MB = 1.48 *MQI +0.02 * Age− 0.9 *BMI −1.02 *Diabetes+ 34.14.

Use the equation and the dataset given to determine if the MQI is valid under this definition of validity by comparing the observed MB to prediction for all subjects and then comparing your results to their definition of validity.

- Whether or not your work showed the MQI to be valid in the previous part, suppose that the MQI is valid by their chosen definition of validity .Does this mean that 80% of all MB predictions using the MQI are correct?

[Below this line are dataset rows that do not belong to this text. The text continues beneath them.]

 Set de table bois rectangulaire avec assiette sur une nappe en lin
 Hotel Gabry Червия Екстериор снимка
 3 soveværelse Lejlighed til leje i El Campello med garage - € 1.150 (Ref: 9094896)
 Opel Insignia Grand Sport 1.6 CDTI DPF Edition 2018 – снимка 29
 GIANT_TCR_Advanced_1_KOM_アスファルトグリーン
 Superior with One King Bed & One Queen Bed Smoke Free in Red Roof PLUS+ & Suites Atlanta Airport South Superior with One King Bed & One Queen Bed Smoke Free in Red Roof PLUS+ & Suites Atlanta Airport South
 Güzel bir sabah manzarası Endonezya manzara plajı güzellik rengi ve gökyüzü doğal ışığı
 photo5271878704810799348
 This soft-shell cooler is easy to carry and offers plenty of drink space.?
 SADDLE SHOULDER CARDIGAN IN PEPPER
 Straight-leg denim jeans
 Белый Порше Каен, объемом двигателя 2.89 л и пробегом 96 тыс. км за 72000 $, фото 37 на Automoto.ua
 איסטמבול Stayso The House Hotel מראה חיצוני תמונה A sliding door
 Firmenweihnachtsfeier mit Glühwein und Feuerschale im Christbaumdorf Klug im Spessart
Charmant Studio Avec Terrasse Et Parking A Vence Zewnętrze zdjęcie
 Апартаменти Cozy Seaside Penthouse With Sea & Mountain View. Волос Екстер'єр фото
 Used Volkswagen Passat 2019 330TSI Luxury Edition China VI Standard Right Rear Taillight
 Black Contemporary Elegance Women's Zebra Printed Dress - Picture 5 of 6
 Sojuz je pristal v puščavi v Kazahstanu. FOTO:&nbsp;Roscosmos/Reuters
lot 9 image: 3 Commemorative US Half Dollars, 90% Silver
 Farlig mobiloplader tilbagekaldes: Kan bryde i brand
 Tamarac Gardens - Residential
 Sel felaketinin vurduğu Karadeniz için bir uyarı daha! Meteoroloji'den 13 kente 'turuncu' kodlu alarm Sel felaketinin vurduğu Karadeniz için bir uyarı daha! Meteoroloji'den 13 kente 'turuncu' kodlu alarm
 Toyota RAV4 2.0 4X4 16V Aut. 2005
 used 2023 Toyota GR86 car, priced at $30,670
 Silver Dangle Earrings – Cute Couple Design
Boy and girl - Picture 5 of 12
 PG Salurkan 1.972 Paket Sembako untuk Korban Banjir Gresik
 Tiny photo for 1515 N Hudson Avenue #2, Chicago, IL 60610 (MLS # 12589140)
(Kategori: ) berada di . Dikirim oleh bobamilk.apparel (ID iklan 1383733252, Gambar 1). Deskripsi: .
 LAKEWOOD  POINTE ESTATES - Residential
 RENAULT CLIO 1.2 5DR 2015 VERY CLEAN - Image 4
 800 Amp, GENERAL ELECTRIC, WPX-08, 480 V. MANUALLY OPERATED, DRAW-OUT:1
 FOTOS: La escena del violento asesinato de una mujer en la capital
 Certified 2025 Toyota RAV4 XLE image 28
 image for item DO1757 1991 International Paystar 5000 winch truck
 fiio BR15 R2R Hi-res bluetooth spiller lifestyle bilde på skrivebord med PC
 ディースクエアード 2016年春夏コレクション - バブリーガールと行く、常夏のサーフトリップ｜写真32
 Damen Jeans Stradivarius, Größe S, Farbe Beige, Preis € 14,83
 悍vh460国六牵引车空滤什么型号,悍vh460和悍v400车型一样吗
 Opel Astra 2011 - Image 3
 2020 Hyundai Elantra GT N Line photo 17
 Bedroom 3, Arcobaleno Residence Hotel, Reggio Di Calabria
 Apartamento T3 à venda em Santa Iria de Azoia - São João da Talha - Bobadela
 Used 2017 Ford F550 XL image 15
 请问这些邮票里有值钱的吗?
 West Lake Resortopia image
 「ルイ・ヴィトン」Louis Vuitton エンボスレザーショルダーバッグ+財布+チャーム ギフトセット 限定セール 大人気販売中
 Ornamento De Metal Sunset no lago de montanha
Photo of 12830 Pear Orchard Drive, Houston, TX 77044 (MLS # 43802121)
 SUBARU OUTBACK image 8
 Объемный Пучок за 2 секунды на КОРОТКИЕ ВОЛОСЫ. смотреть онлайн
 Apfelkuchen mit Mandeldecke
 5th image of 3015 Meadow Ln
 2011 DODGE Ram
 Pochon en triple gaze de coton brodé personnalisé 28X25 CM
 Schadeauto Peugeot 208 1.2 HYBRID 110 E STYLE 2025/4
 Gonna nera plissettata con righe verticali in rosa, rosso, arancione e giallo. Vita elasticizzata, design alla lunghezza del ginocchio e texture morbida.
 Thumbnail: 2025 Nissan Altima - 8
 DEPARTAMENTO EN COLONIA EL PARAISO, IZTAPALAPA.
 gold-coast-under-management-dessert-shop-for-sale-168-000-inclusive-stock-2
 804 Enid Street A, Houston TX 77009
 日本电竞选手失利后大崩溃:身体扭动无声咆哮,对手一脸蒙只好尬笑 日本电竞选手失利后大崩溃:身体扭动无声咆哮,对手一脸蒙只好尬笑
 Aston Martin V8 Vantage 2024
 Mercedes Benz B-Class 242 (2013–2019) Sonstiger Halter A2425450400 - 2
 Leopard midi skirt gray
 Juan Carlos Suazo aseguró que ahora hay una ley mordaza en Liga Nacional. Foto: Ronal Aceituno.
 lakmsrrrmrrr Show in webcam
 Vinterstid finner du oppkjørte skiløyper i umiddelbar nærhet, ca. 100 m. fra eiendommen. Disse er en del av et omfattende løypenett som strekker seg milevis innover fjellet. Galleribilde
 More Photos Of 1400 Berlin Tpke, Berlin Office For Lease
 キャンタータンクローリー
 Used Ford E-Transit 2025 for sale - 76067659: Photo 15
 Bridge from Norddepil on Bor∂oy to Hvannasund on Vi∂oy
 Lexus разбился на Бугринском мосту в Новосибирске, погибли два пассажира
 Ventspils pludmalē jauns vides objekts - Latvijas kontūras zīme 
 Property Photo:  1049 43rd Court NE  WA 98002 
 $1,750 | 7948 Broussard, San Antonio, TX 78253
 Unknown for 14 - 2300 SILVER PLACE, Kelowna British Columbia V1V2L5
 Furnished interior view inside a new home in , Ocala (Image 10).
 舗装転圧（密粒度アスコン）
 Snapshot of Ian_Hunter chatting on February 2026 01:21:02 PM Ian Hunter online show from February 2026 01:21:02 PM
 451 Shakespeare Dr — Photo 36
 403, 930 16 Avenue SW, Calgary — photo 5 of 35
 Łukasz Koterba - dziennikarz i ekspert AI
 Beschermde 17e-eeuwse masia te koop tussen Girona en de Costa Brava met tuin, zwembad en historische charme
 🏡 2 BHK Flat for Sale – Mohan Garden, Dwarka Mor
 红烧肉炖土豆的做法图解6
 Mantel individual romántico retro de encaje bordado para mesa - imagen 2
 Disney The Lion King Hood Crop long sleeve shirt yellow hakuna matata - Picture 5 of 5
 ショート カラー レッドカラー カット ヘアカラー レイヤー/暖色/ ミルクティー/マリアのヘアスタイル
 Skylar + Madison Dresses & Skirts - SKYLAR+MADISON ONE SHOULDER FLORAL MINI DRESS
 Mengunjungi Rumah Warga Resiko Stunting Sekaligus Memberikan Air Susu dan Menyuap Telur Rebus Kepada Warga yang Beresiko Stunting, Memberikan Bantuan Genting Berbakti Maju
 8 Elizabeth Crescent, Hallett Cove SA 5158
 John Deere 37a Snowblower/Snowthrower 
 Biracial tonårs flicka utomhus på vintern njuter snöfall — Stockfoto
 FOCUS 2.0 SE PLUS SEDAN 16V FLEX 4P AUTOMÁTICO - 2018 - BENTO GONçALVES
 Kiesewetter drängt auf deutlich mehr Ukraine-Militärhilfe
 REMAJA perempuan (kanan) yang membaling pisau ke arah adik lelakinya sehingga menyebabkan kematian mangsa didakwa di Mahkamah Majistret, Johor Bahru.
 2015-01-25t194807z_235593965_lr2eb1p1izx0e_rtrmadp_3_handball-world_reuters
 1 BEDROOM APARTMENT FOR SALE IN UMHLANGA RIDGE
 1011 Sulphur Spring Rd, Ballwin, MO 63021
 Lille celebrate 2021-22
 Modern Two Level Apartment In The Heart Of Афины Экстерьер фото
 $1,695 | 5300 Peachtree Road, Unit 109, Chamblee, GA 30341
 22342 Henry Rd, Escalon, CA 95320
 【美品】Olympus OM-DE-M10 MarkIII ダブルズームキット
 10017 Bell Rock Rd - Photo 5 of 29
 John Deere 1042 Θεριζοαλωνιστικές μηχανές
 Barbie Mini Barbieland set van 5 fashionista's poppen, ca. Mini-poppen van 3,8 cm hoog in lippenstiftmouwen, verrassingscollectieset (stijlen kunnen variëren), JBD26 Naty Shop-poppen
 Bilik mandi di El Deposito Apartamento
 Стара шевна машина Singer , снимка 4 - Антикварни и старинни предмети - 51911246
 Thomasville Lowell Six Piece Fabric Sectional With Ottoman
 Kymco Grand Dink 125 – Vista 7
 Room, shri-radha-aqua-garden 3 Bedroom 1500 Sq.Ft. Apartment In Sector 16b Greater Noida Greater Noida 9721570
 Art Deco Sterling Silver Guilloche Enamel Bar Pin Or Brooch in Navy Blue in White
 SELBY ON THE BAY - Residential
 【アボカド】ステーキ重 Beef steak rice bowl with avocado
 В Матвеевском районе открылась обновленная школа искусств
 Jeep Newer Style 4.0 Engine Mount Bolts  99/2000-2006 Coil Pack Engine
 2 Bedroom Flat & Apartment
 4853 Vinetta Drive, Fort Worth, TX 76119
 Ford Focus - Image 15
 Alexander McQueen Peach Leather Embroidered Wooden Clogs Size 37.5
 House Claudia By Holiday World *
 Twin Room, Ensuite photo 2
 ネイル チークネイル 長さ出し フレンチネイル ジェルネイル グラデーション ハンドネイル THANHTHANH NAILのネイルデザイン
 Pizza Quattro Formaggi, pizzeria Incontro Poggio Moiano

Why or why not

** Problem 2.** This problem makes use of the dataset provided with the exam.

- Make a scatterplot of the MB (x-axis) and MQI data (y-axis). Do all of the assumptions for simple linear regression appear to be satisficed?

- Determine the simple linear regression of MQI on MB, even if you found issues with the assumptions in the previous question.

- Are there any outliers – points in the scatterplot that are much further from the regression line than any of the rest? Explain how you came to your conclusion.

- Determine the correlation between MB and MQI and the R
^{2 }for the regression line. Do these suggest the linear regression is a good fit to the data?

** Problem 3.** This problem makes use of the dataset provided with the exam. Suppose that we define the test-retest reliability of MQI as the correlation between the MQI administered at two time points.

- Use the variables MQI and MQI 2 to determine the test-retest reliability of MQI without controlling for the effects of any covariates or the treatment groups.

- If you wanted to control for the effect of diabetes on test-retest reliability of the MQI, how would you do this? Specifically, define what it means to measure the test-retest reliability of MQI controlling for the effect of diabetes. Do not compute it, only explain how to do so.

- If you wanted to control for the effect of BMI on test-retest reliability of the MQI, explain how you would do this? Specifically, define what it means to measure the test-retest reliability of MQI controlling for the effect of BMI. Do not compute it, only explain how to do so. (Hint: the approach is not the same as for diabetes; instead, review types of correlation in multiple regression from your textbook and the lecture slides)

- Use your definitions from the previous two parts of this problem to compute the test-retest reliability of MQI while controlling for diabetes and, separately, for BMI.

** Problem 4.** This problem makes use of the dataset provided with the exam.

- Make histograms for the distribution of MQI data for each treatment group. I recommend using 20 “bins” for each histogram, so that each has a width of 2.05 in the control group and 1.35 in the treatment group (due to differences in the range of data).

- Is there any evidence of non-Normality among the MQI data for either group? Explain your response.

- Given your response to the previous question, use an appropriate statistical test for difference of means (or medians, or…) between the two groups’ MQI scores.